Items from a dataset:
+===+

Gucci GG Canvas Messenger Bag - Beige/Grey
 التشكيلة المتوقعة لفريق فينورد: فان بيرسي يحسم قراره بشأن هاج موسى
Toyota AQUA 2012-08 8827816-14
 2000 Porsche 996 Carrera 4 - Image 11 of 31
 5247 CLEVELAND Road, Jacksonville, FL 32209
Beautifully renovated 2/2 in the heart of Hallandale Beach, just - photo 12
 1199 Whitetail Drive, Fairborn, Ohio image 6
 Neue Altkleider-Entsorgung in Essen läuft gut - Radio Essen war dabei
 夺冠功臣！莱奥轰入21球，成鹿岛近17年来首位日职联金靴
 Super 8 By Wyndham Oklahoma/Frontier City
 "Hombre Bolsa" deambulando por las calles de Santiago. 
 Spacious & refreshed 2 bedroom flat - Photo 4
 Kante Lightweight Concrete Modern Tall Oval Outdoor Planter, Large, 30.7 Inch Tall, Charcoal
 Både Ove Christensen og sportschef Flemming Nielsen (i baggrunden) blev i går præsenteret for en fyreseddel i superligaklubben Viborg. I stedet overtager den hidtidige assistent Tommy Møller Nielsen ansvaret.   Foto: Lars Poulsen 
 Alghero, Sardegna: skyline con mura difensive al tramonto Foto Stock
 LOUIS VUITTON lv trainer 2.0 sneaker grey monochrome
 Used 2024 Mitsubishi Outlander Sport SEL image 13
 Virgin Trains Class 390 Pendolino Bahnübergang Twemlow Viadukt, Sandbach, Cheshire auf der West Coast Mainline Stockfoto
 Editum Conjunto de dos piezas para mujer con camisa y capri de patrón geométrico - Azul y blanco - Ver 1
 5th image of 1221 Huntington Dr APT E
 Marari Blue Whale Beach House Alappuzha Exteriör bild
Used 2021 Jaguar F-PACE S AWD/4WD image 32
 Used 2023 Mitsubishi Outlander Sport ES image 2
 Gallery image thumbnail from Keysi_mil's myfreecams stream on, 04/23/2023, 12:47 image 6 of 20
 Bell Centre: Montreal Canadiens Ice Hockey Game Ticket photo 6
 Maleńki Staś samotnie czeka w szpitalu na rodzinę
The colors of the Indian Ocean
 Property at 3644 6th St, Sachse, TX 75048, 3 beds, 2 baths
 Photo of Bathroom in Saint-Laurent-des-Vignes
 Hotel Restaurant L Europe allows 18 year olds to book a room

+===+

WHAT YOU NEED TO DO: Each record shown above must be reproduced exactly.

EXERCISE SOLUTION:
Gucci GG Canvas Messenger Bag - Beige/Grey
 التشكيلة المتوقعة لفريق فينورد: فان بيرسي يحسم قراره بشأن هاج موسى
Toyota AQUA 2012-08 8827816-14
 2000 Porsche 996 Carrera 4 - Image 11 of 31
 5247 CLEVELAND Road, Jacksonville, FL 32209
Beautifully renovated 2/2 in the heart of Hallandale Beach, just - photo 12
 1199 Whitetail Drive, Fairborn, Ohio image 6
 Neue Altkleider-Entsorgung in Essen läuft gut - Radio Essen war dabei
 夺冠功臣！莱奥轰入21球，成鹿岛近17年来首位日职联金靴
 Super 8 By Wyndham Oklahoma/Frontier City
 "Hombre Bolsa" deambulando por las calles de Santiago. 
 Spacious & refreshed 2 bedroom flat - Photo 4
 Kante Lightweight Concrete Modern Tall Oval Outdoor Planter, Large, 30.7 Inch Tall, Charcoal
 Både Ove Christensen og sportschef Flemming Nielsen (i baggrunden) blev i går præsenteret for en fyreseddel i superligaklubben Viborg. I stedet overtager den hidtidige assistent Tommy Møller Nielsen ansvaret.   Foto: Lars Poulsen 
 Alghero, Sardegna: skyline con mura difensive al tramonto Foto Stock
 LOUIS VUITTON lv trainer 2.0 sneaker grey monochrome
 Used 2024 Mitsubishi Outlander Sport SEL image 13
 Virgin Trains Class 390 Pendolino Bahnübergang Twemlow Viadukt, Sandbach, Cheshire auf der West Coast Mainline Stockfoto
 Editum Conjunto de dos piezas para mujer con camisa y capri de patrón geométrico - Azul y blanco - Ver 1
 5th image of 1221 Huntington Dr APT E
 Marari Blue Whale Beach House Alappuzha Exteriör bild
Used 2021 Jaguar F-PACE S AWD/4WD image 32
 Used 2023 Mitsubishi Outlander Sport ES image 2
 Gallery image thumbnail from Keysi_mil's myfreecams stream on, 04/23/2023, 12:47 image 6 of 20
 Bell Centre: Montreal Canadiens Ice Hockey Game Ticket photo 6
 Maleńki Staś samotnie czeka w szpitalu na rodzinę
The colors of the Indian Ocean
 Property at 3644 6th St, Sachse, TX 75048, 3 beds, 2 baths
 Photo of Bathroom in Saint-Laurent-des-Vignes
 Hotel Restaurant L Europe allows 18 year olds to book a room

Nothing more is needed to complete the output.